In MSSQL I have a table created like this:

CREATE TABLE [mytable] (fkid int NOT NULL, data varchar(255) CONSTRAINT DF_mytable_data DEFAULT '' NOT NULL);
ALTER TABLE [mytable] ADD CONSTRAINT PK_mytable_data PRIMARY KEY (fkid, data);

Now I want to increase the length of the 'data' column from 255 to 4000.

If I just try:

ALTER TABLE [mytable] ALTER COLUMN data varchar(4000);

Then I get this error:

The object 'PK_mytable_data' is dependent on the column 'data'

If I try this:

ALTER TABLE [mytable] DROP CONSTRAINT PK_mytable_data;
ALTER TABLE [mytable] ALTER COLUMN data varchar(4000);
ALTER TABLE [mytable] ADD CONSTRAINT PK_mytable_data PRIMARY KEY (fkid, data);

Then I get this error:

Cannot define PRIMARY KEY constraint on nullable column in table 'mytable'

What am I missing? Both columns were defined with NOT NULL, so why is MSSQL reporting that it can't recreate this constraint after I drop it?

Thanks!

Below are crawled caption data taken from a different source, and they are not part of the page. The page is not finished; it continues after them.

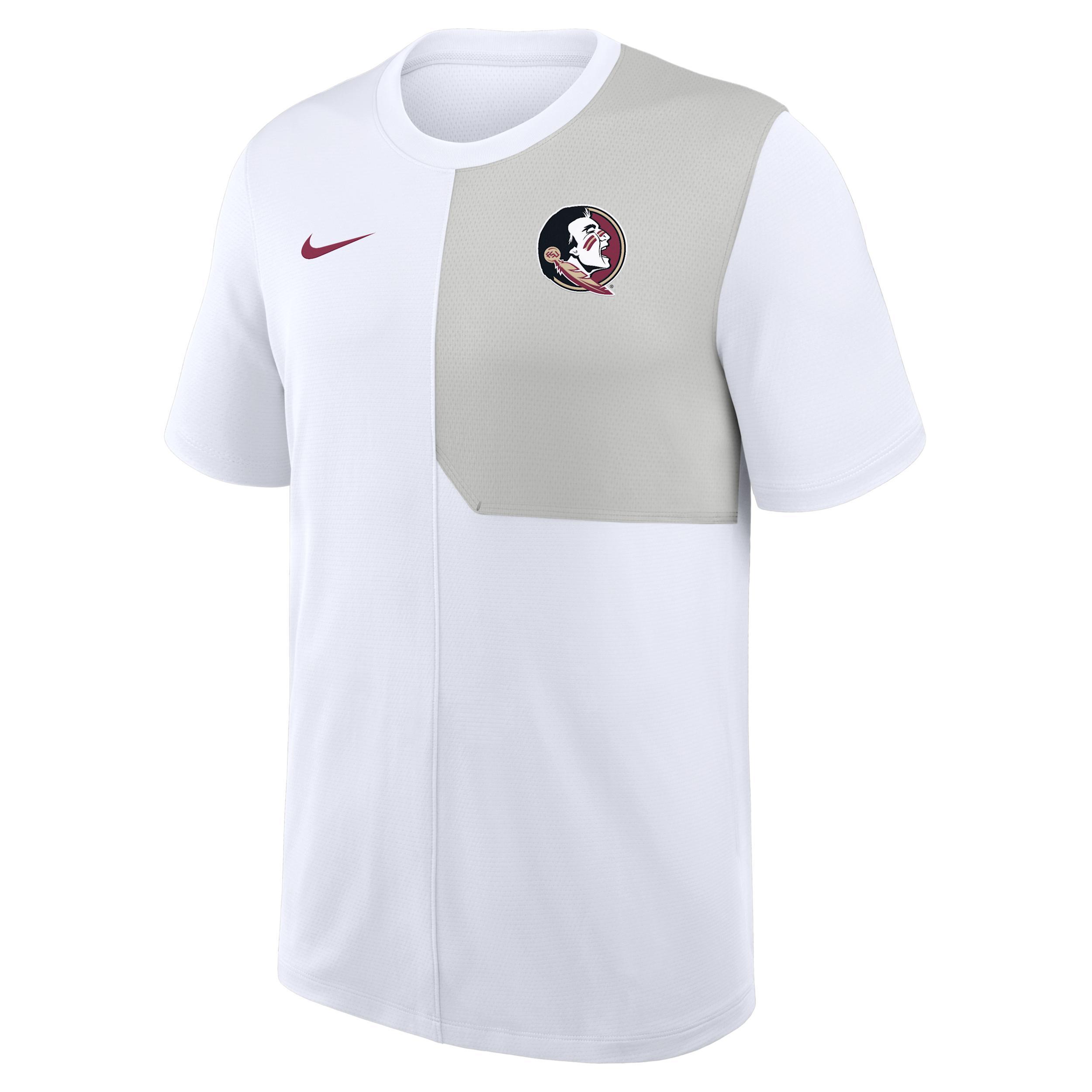 Florida State Sideline Coach Nike Men's Dri-FIT College Top Product Image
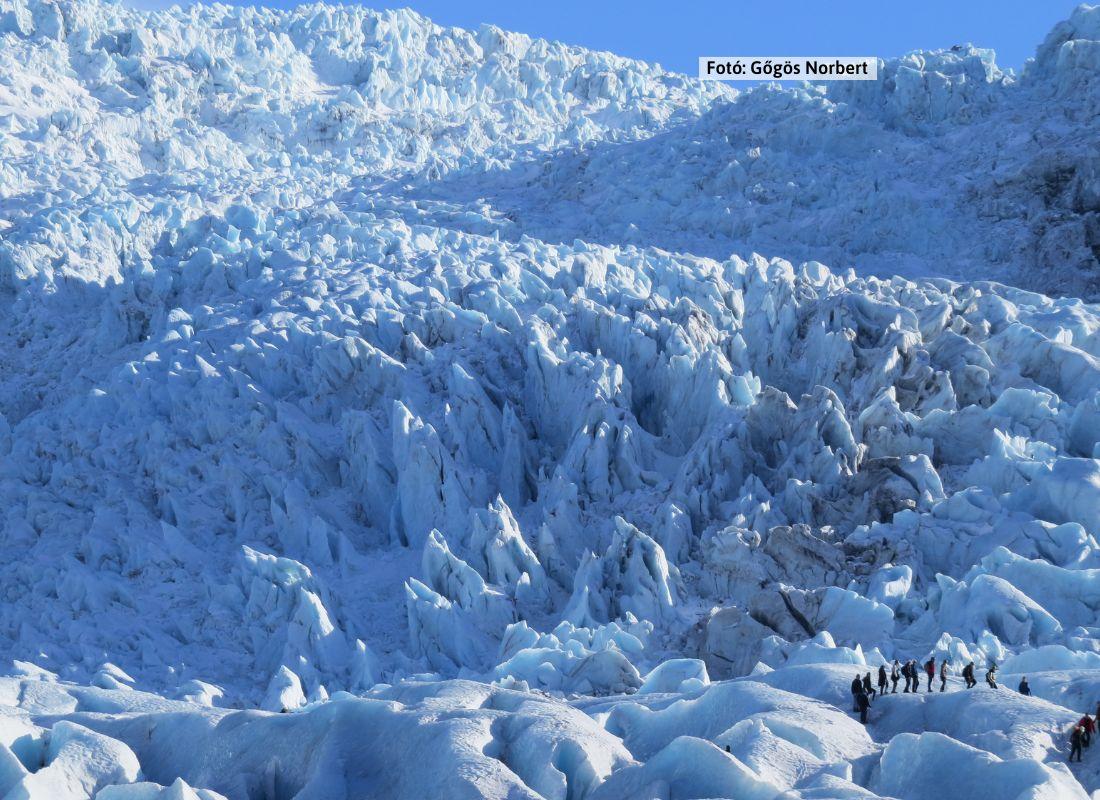 Izland - A Vatnajökull déli peremén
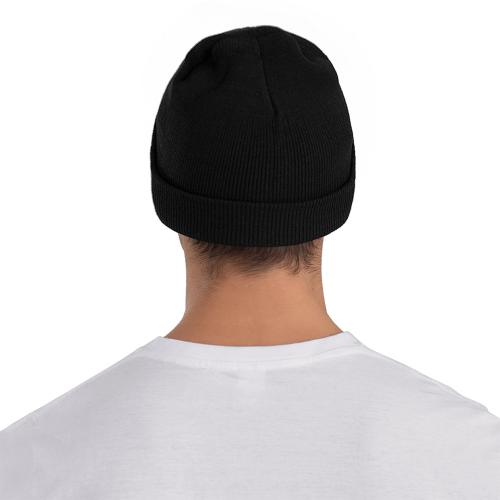 Knitted Hat with Heat Transfer Printing - YIHE Customize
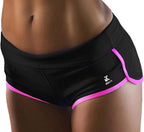 Unleash Your Potential with Stylish Women's Fitness Booty Shorts - Perfect for Yoga, Running, and Gym Workouts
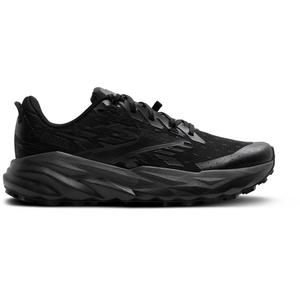 Женские кроссовки для трейлраннинга Cascadia 19 Brooks, Black/Black/Ebony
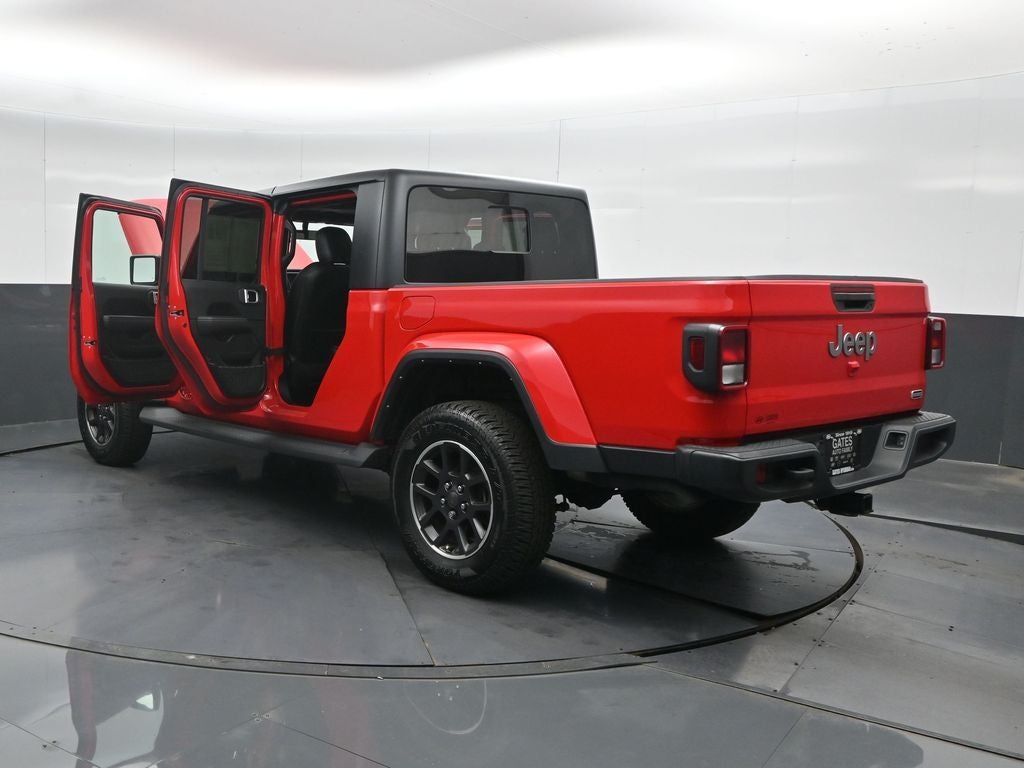 2021 Jeep Gladiator Overland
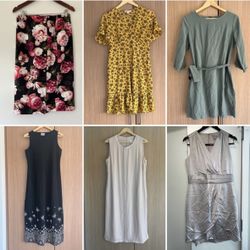 All Womens Medium Dresses Skirt 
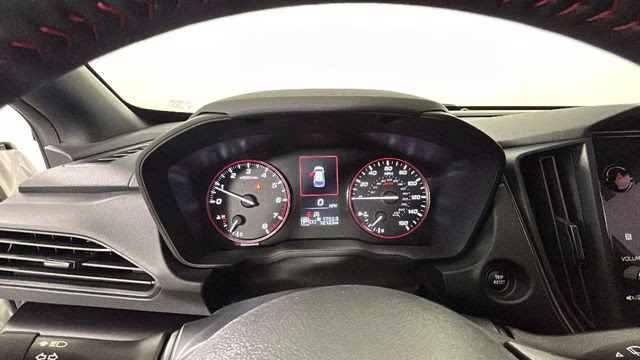 2024 Crystal White Pearl Subaru Impreza 2.5RS AWD Hatchback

Evan

+1  A: 

By altering the datatype to varchar(4000), you make it accept NULLs.

Try this:

ALTER TABLE [mytable] DROP CONSTRAINT PK_mytable_data;
ALTER TABLE [mytable] ALTER COLUMN data varchar(4000) NOT NULL;
ALTER TABLE [mytable] ADD CONSTRAINT PK_mytable_data PRIMARY KEY (fkid, data);

Note that the index size (which is implicitly create for PK) is limited to 900 bytes and inserts of greater values will fail.

Quassnoi
Doh. Of course. Thanks. So really the largest I can set the length to is 900 then, yet?
evan.leonard
`@evan.leonard`: actually, `896`, since `fkid` will require `4` bytes to store too.
Quassnoi
Right - thanks again!
evan.leonard
+1  A: 

Do not be surprised if you get a warning when you create this index in the end, you are giving it the potential to create an index key greater than the allowed 900 bytes. (Since the PK will either be the clustered index (default) or an NC index enforcing it.)